Their motivations are clear – they care for each other, they have no doubt about their role in the world… All Gears of War games are tailor-made for the DudeBro audience, and that’s perfectly fine with us.

Gears tactics review series#
Well, almost spot on regarding the Gears series heroes, save for a fact that instead of America, we have planet Sera, and, of course, that several prominent Gears heroes are women… DudeSistahs? Definitely! Anyways, the Gears franchise heroes are the equivalent of college jocks in metal armors, talking in slang, preferring straight, determined, short answers over any deep philosophy. Characterized by their love of College football, pickup trucks/SUVs, beer, cut off khaki cargo shorts, etc.”. We still owe you an explanation of the “DudeBro games” phenomena… One respectable online source states that DudeBros are “suburban males, usually 16-25 years of age, hailing from anywhere, USA. The second factor that makes the game interesting is the dialogues between heroes, which vary between lighthearted banter, continue through to doomsday whining, and all the way to the (predominant) DudeBro encouragement. Yes, the game is definitely 18+… Turn-based DudeBro strategy This is the signature move, one that is best-known in the Gears of War franchise – getting closer to Locust grub and sawing it in half with chainsaw bayonet mounted on the Lancer rifle. For example, one talent enables +1 action point to any troops in the vicinity of a soldier that performs a successful melee execution. Your heroes level up and unlock new special attacks that, in many cases, create a battlefield synergy. First and foremost is the quality of the core turn-based combat, and the progressively increasing complexity of actions you can perform.

It would all be mega-boring without two important factors. There are only a few templates in their design: defense of two fixed points on the map, race against time while collecting loot boxes, rescuing an X number of troops, and finally, a “kill everything that moves” type of mission, with three boss fights that are an exception from those rules. The simplicity expands into the mission design. How many Locust can you kill before you get bored? The system is very simple and straightforward. Between missions, you can level up your troops by choosing nodes in their class-dependent talent trees, and by using weapon and armor modules you looted for augmenting their gear. Tactics is all there is! There is no base-building, economy, and tech progress as in XCOM games – instead of an ever-evolving threat on Geoscape, you have a fixed set of story missions augmented with an even bigger number of side missions which provide the filler necessary for the 22+ hours campaign. Horror in Gears Tactics is not the focal point like it was in Incubation, but the turn-based mechanic presented in the game and its mission structure has clearly evolved from that game. It felt like Aliens without being set in an actual licensed Alien universe. This great game from 1997, a tactical spinoff of the Battle Isle strategy universe had a robust, turn-based gameplay and a sinister vibe that combined SF staples with survival horror.

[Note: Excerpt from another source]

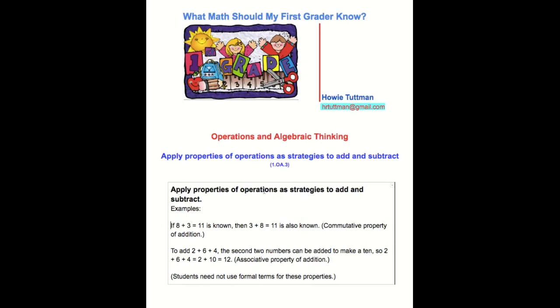Apply properties of operations as strategies to add and subtract. Examples. If eight plus three is equal to eleven is known, then three plus eight is equal to eleven is also known. Commutative property of addition. To add two plus six plus four, the second two numbers can be added to make a ten. So two plus six plus four is equal to two plus ten, which is equal to twelve. Associative property of addition. Students need not use formal terms for these properties.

The founding inspiration was not just XCOM, as many (very) young apprentices in game journalism think, but the good old Incubation: Time is Running Out. But the truth is, it goes much deeper than that.
Gears tactics review full#
Using half or full terrain cover, having a defined set of action points for your units, and 3D isometric environments – all of these features suggest that the game borrows heavily from the modern XCOM games by Firaxis. Gears Tactics follows the core mechanical aspects of Gears shooters, but translates them into turn-based, tactical form.